How Do You Calculate the Maximum Force on Stacked Blocks Without Slippage?

[Speedking96]

Homework Statement

Two masses M1 = 4.00 kg and M2 = 7.10 kg are stacked on top of each other as shown in the figure. The static coefficient of friction between M1 and M2 is μs = 0.430. There is no friction between M2 and the surface below it.

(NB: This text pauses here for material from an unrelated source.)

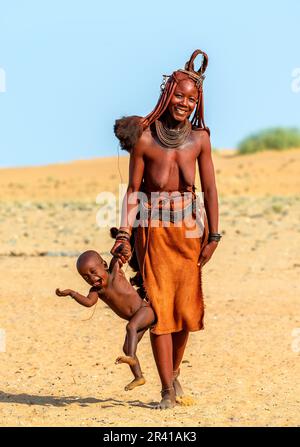 Himba woman is carrying her child, holding his hand. Stock Photo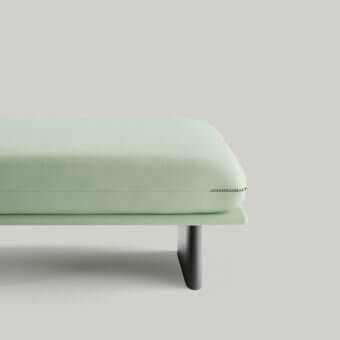 Distinguished Borzalino Connor ottoman with light green textile upholstery and sleek dark-toned wood sled base crafted in Italy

What is the maximum horizontal force that can be applied to M2 without M1 sliding relative to M2?

Homework Equations

F=ma

Ffriction = μFnormal

The Attempt at a Solution

For the 4 kg box:

Fnet = ma
Ff=ma
μmg = ma

μg=a
(0.43)(9.81) = a = 4.23 m/s/s

I understand that this must be the acceleration for the whole system, but when I calculate the max force, do I do it for the whole system's mass or for the 7.10 kg box only? Why or why not?

 

[physicsboy121]

Draw a free body diagram for the other box as well. Also, write the net force equations in the x and y directions.

 

[Speedking96]

Draw a free body diagram for the other box as well. Also, write the net force equations in the x and y directions.

For the y-direction:

∑forces = 0 ; since the object is not accelerating in that direction

For the x-direction:

Fnet= Fapp

Fapp=ma= (7.10)(4.23) = 16.88 Newtons

But, when we are applying the force to the lower box, aren't we essentially pushing the whole system? Therefore, shouldn't the mass of the whole system be considered?

 

[physicsboy121]

You are missing one force on the FBD you just drew. And instead of F normal of the system, I suggest that you think it as F12 (i.e. force of mass 1 onto mass 2) Also the friction force on the FBD of your initial post should be pointing in the other direction.

 

[Speedking96]

You are missing one force on the FBD you just drew. And instead of F normal of the system, I suggest that you think it as F12 (i.e. force of mass 1 onto mass 2) Also the friction force on the FBD of your initial post should be pointing in the other direction.

Is it the static friction of the top box?

 

[physicsboy121]

correct

 

[Speedking96]

correct

Fnet=ma
Fapp-Ff = ma

Fapp - μmg = ma

Fapp = ma + μmg

= (7.1)(4.23) + (0.43)(4)(9.81) = 46.91 Newtons ?

 

[Speedking96]

I don't know how to approach problems that deal with multiple masses. Frustrating.